I've only made schema2 to show you how you could gradually concat schemas, but you can probably also go straight for schema1 if you build objects directly.

It's probably a bit more work, because you have to establish precedence, you can't just pile up schemas and have joi automagically figure it out for you. Or at least, I personally don't see a way to do that, but I may be wrong, joi is flexible enough that you might find other tricks to achieve it.

JasonTheAdams commented 1 year ago

Hi @Marsup!

Looping back on this after being pulled to something else. I ended up going the route of a custom rule and was happy to find that it pretty much does everything I was hoping it would do. I'm now just running into one edge-case scenario that's driving me crazy.

Let's say I have a field that displays if an amount field is $100. And I do this:

  1. Set the amount to $100 (field displays)
  2. Set the amount to $50 (field disappears)
  3. Submit the form

Because the field rendered the Joi validation rules were added for that field. Now, I would think that my custom rule would fire and I'd be able to return undefined, unsetting the value and ignoring it. But what I learned from this is that custom rules only fire if there's a value. Furthermore, it seems like Joi considers a field required by default unless it's marked optional.

Here's my code:

    if (rules.required) {
        if (rules.hasOwnProperty('excludeUnless')) {
            /**
             * This applies requirements to a field if the field is not being excluded by its conditions. It only
             * supports basic conditions at this time, but could be expanded to support more complex conditions.
             *
             * Note that this unsets the value if the field conditions are not met.
             */
            joiRules = joiRules.custom((value, helpers) => {
                const formValues = helpers.state.ancestors[0];

                const passesConditions = rules.excludeUnless.every((condition: BasicCondition) => {
                    return conditionOperatorFunctions[condition.comparisonOperator](
                        formValues[condition.field],
                        condition.value
                    );
                });

                if (passesConditions && (value === '' || value === null)) {
                    return helpers.error('any.required');
                } else if (!passesConditions) {
                    return undefined;
                }

                return value;
            }, 'exclude unless validation');
        } else {
            joiRules = joiRules.required();
        }
    } else {
        joiRules = joiRules.optional().allow('', null);
    }

I really wish custom rules fired all the time, not just when there's a value. If they did I believe this would work. Is there any way to get a custom rule to fire no matter what?

JasonTheAdams commented 1 year ago

It turns out my issue was rather fundamental.
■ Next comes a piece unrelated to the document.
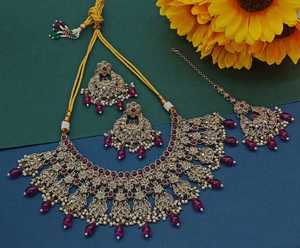 Indian Traditional Kundan Gold Plated <b>Jewellery</b> <b>Set</b> and Copper Necklace <b>Set</b> for Women and <b>Girls</b> Indian Accessories Jewlery Women - Product Image 4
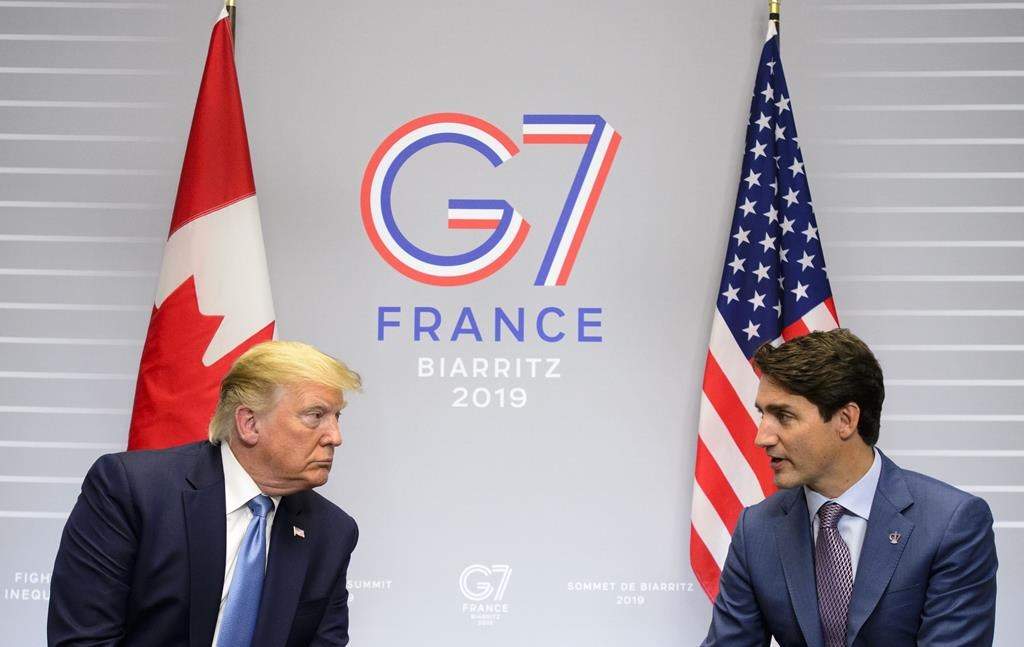 Prime Minister Justin Trudeau takes part in a bilateral meeting with U.S. President Donald Trump during the G7 Summit in Biarritz, France on August 25, 2019. In June 2025, Canada's new Prime Minister will host the G7 Summit in Alberta's Kananaskis Country, west of Calgary.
Upstream from this I was applying the Joi.string() rule as a default for rules that don't specify Joi.number() or Joi.boolean(). Since the Joi.string() doesn't allow empty strings, it was throwing the error before the custom validation rule was firing. So it's not the custom rules don't fire when empty, it's that the rules were failing before reaching that point.

So I basically need to prevent all validation rules (Joi.string(), Joi.required, etc.) from firing if the conditions aren't meant. I believe that means it needs to be the first rule added. I'll give that a go.